:: To do ::
Would you transcribe the entries below word for word, omitting all images?

:: Listed entries ::
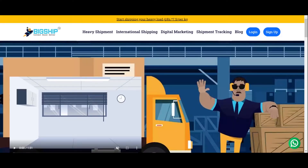Hello everyone, welcome on board with our company Picship Technologies Pvt Ltd., a company that connects, boosts and delivers.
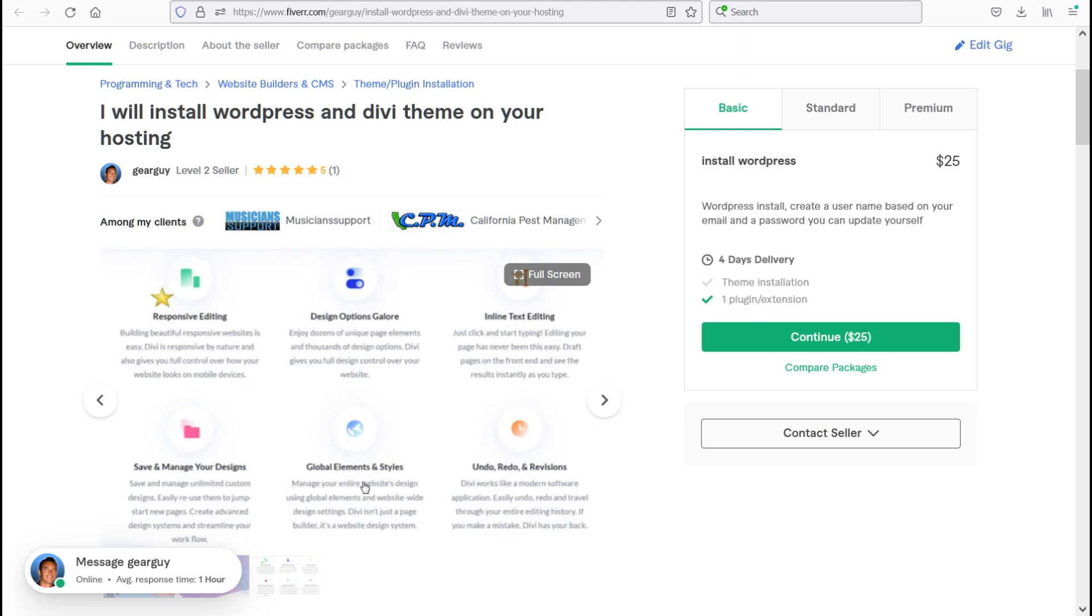If you want a contact form at the end of each page, you can have that be at the end of every page. It has undoes, redos, and revisions. So if you make a mistake, you can say uh-oh, let me just click the little back arrow here and it undoes what you did. Or you can redo it.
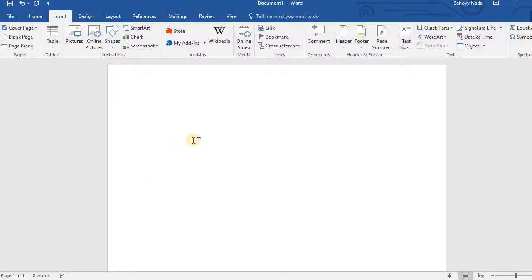Hi. Welcome to Microsoft Word 2016 Essential Training, Autotext module.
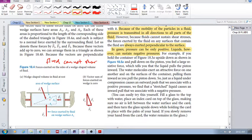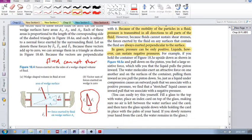Because this wedge of fluid is in equilibrium, that means that this force plus this force plus that force gives us this vector diagram, which means it's in equilibrium. That force vector plus that force vector plus that force vector plus that force vector gets back to zero — there's no acceleration of this fluid.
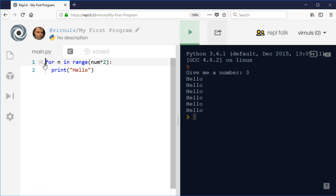That's a quick introduction to 'for'. It's going to be the most common type of repetition in your programs, because most of the time you do know how many times you want to do something — whether that's performing a calculation for each number in a list, for each letter in a word, repeating for every element in a game, or picking six lottery balls. If you don't know how many times you want to repeat something, you need to use 'while', which we'll look at in the next video.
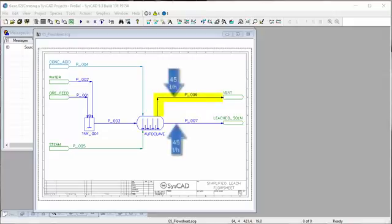If you don't set up the split in a unit, then all the material will be split evenly between all the streams going out of the unit. In this case, it's splitting all the material between P006 and P007.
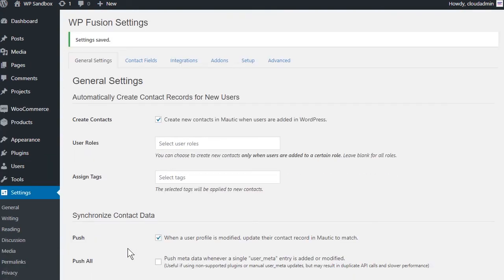If you enjoyed this video and want to learn more about the powerful features of WPFusion, come and check us out over at WPFusionPlugin.com.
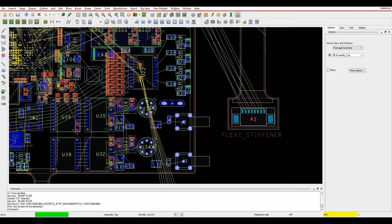There are a couple of restrictions on this. If there are any nets that have been user-defined with a net schedule or system-defined with a net schedule, they won't graphically update at all. Any power or ground nets — so if you have a voltage net property on those — any nets with a pin count greater than 20, or any components with a pin count greater than 100, will not dynamically update until you effectively click and put the component down.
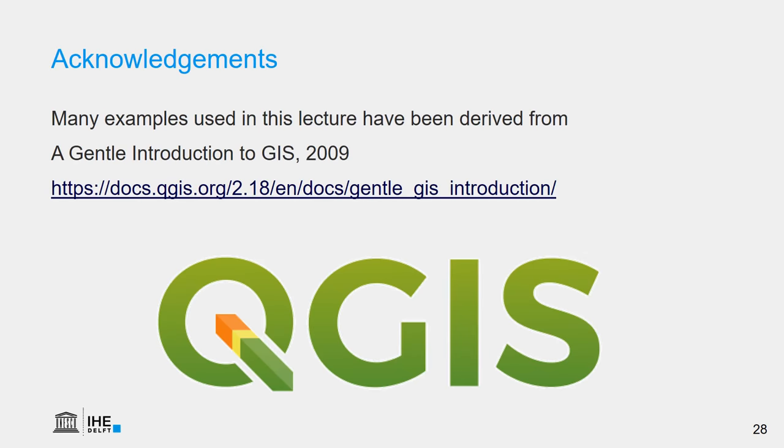Many of the examples used in this lecture have been derived from a gentle introduction to GIS, which can be found in the QGIS documentation using this link.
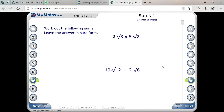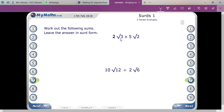Here I am going to explain a few typical examples. You can see two numbers: two root three times five root two. We will discuss multiplication and division of these numbers. Concentrate on your screen.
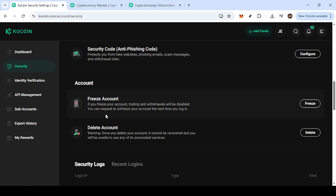Locate the option labeled Freeze Account. Selecting this will instantly lock your account, preventing any transactions or access until you decide to lift the freeze.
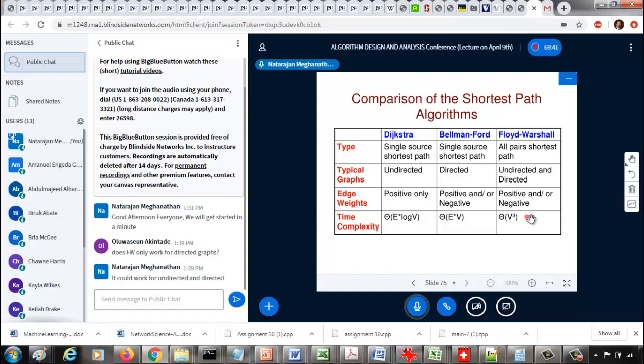So it depends on the type of graph as well as your choice of algorithms. I'll add a slide after class covering what I just explained. With that, we finish this module.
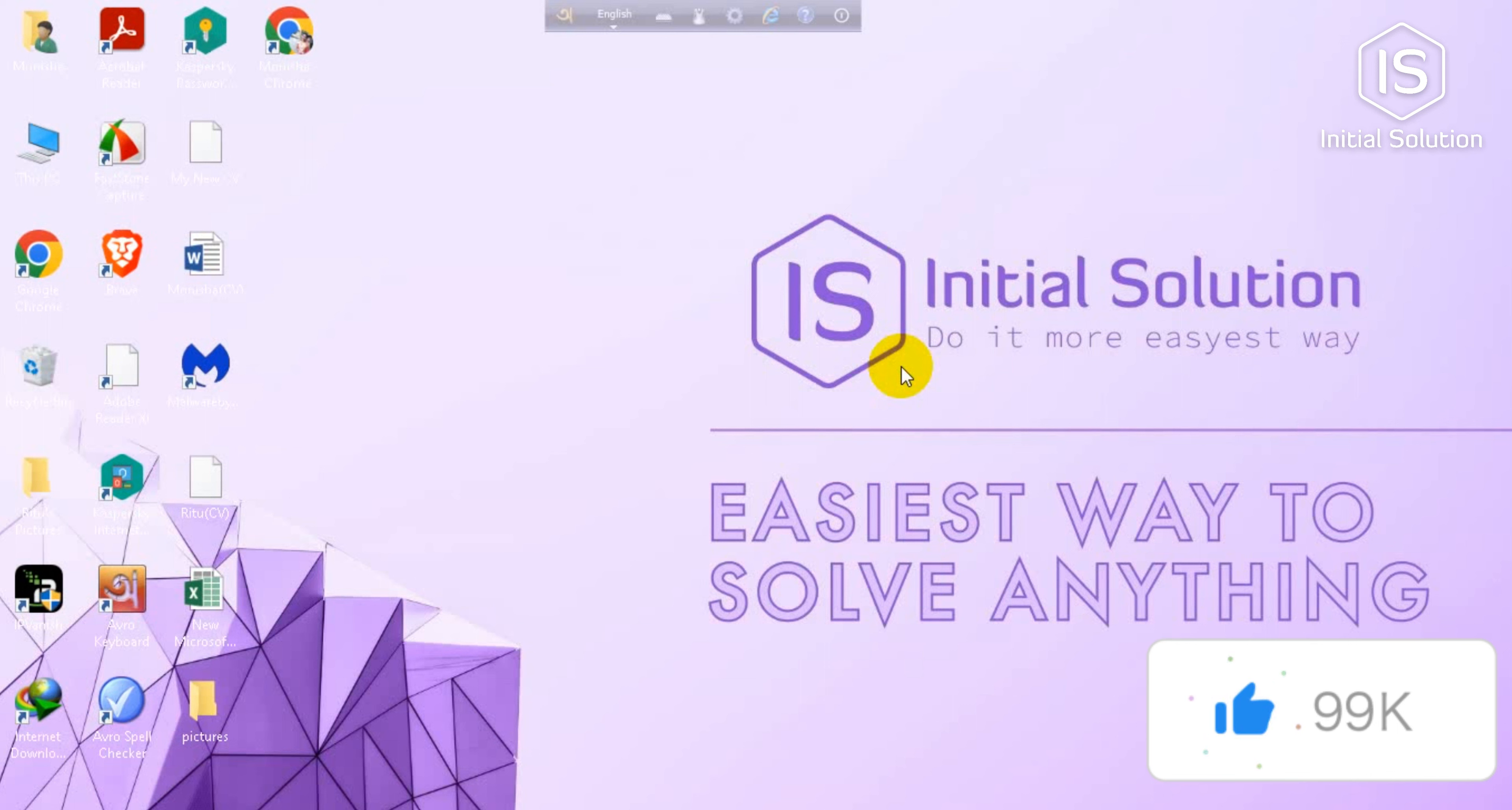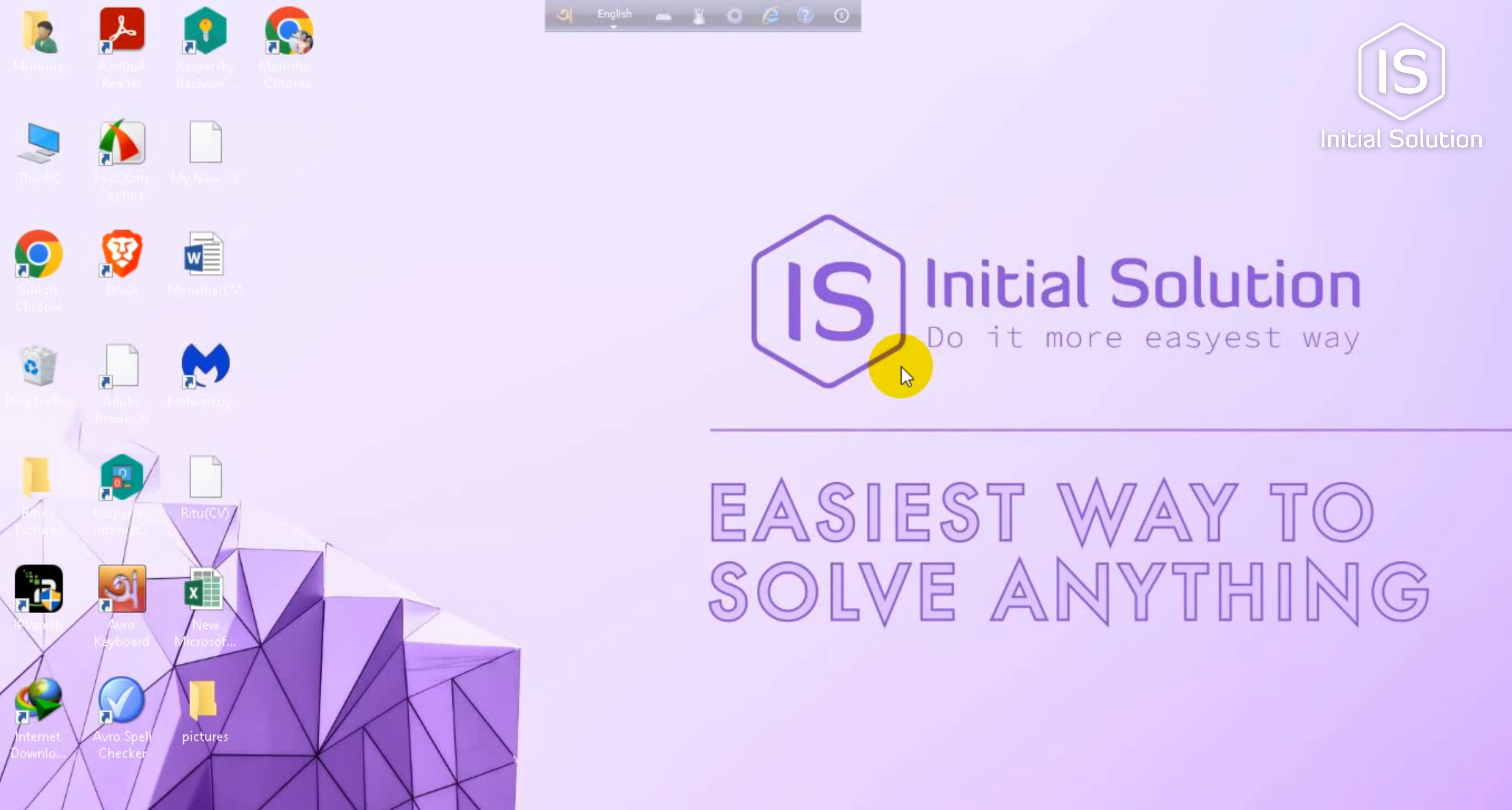Hello everyone, welcome to my channel Initial Solution. Today I'm going to show you how to create your YouTube channel.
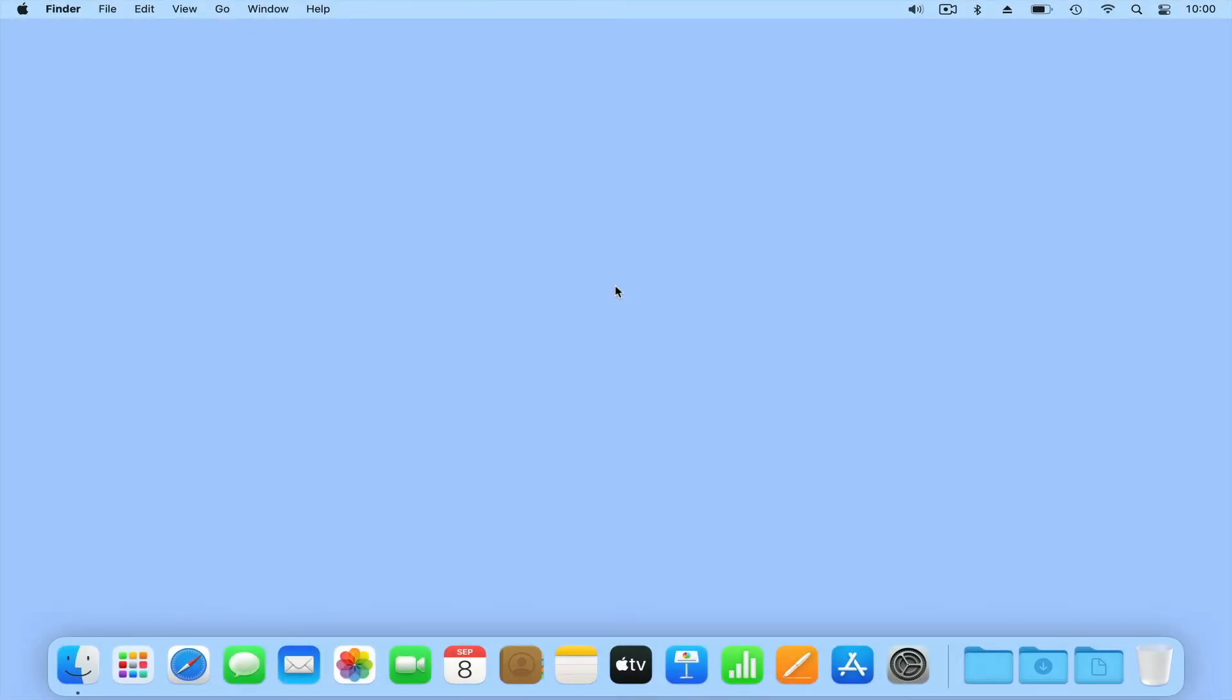On the menu bar of macOS, you will find a host of icons relating to specific functions and services running on your computer.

:: Result below ::
Hello everyone, welcome on board with our company Picship Technologies Pvt Ltd., a company that connects, boosts and delivers.
If you want a contact form at the end of each page, you can have that be at the end of every page. It has undoes, redos, and revisions. So if you make a mistake, you can say uh-oh, let me just click the little back arrow here and it undoes what you did. Or you can redo it.
Hi. Welcome to Microsoft Word 2016 Essential Training, Autotext module.
Because this wedge of fluid is in equilibrium, that means that this force plus this force plus that force gives us this vector diagram, which means it's in equilibrium. That force vector plus that force vector plus that force vector plus that force vector gets back to zero — there's no acceleration of this fluid.
That's a quick introduction to 'for'. It's going to be the most common type of repetition in your programs, because most of the time you do know how many times you want to do something — whether that's performing a calculation for each number in a list, for each letter in a word, repeating for every element in a game, or picking six lottery balls. If you don't know how many times you want to repeat something, you need to use 'while', which we'll look at in the next video.
If you don't set up the split in a unit, then all the material will be split evenly between all the streams going out of the unit. In this case, it's splitting all the material between P006 and P007.
If you enjoyed this video and want to learn more about the powerful features of WPFusion, come and check us out over at WPFusionPlugin.com.
There are a couple of restrictions on this. If there are any nets that have been user-defined with a net schedule or system-defined with a net schedule, they won't graphically update at all. Any power or ground nets — so if you have a voltage net property on those — any nets with a pin count greater than 20, or any components with a pin count greater than 100, will not dynamically update until you effectively click and put the component down.
Many of the examples used in this lecture have been derived from a gentle introduction to GIS, which can be found in the QGIS documentation using this link.
Here I am going to explain a few typical examples. You can see two numbers: two root three times five root two. We will discuss multiplication and division of these numbers. Concentrate on your screen.
Locate the option labeled Freeze Account. Selecting this will instantly lock your account, preventing any transactions or access until you decide to lift the freeze.
So it depends on the type of graph as well as your choice of algorithms. I'll add a slide after class covering what I just explained. With that, we finish this module.
Hello everyone, welcome to my channel Initial Solution. Today I'm going to show you how to create your YouTube channel.
On the menu bar of macOS, you will find a host of icons relating to specific functions and services running on your computer.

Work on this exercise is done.